Member of the Minnesota House of Representatives from the 11A, 13A district
- In office January 8, 1985 – January 6, 1997
- Preceded by: Gary Findlay
- Succeeded by: Torrey Westrom

Personal details
- Born: April 3, 1951 Appleton, Minnesota, U.S.
- Died: August 14, 2003 (aged 52) Appleton, Minnesota, U.S.
- Party: Democratic Farmer Labor Party
- Spouse: Rebecca "Becky"
- Children: 4
- Education: Brown Institute Southwest State University
- Occupation: auctioneer, politician

= Chuck Brown (politician) =

American politician (1951–2003)

Charles Peter Brown (April 3, 1951 – August 14, 2003) was an American politician and member of the Minnesota House of Representatives from southwestern Minnesota. Narrowly elected in 1984, he was solidly re-elected in 1986 in the Democratic-Farmer-Labor Party's “firestorm” that swept through the region, giving Democrats unprecedented control of southwestern Minnesota for the next several election cycles.
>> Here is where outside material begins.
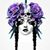 Amelia Whitted's profile image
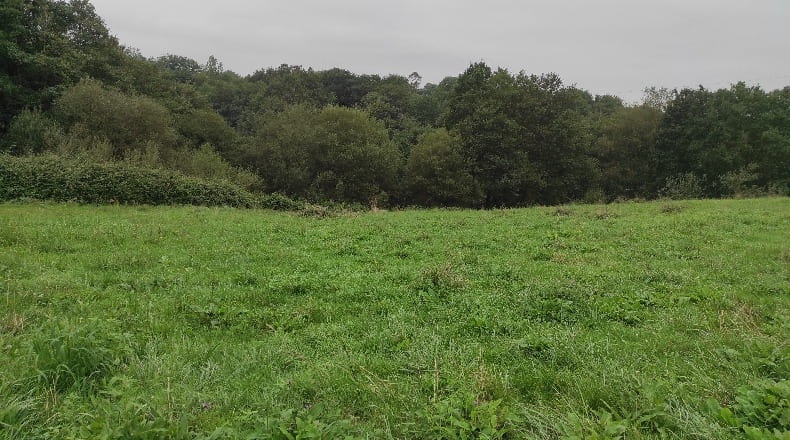 Asturias - San Roque - 18000m2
Re-elected again in 1988, 1990, 1992 and 1994, he serving six terms before retiring. He represented the old District 11A and, later, District 13A, which included all or portions of Big Stone, Douglas, Grant, Pope, Stevens, Swift and Traverse counties, changing somewhat through redistricting in 1990.

While in the legislature, Brown was a member of the House Agriculture, Appropriations, Capital Investment, Education, General Legislation & Veterans Affairs, Judiciary, Labor-Management Relations, Local Government & Metropolitan Affairs, Taxes, Transportation, and Ways & Means committees, and of various sub-committees relevant to each area. He chaired the Local Government & Metropolitan Affairs Committee during the 1993-94 Session.

From the town of Appleton, Brown was an auctioneer by trade. After leaving the legislature in 1997, he became a contract lobbyist for several groups, including the Tubman Family Alliance. Through his work for the Domestic Violence Legislative Alliance, he
represented the interests of Tubman and numerous other service providers across Minnesota. He died unexpectedly in August 2003.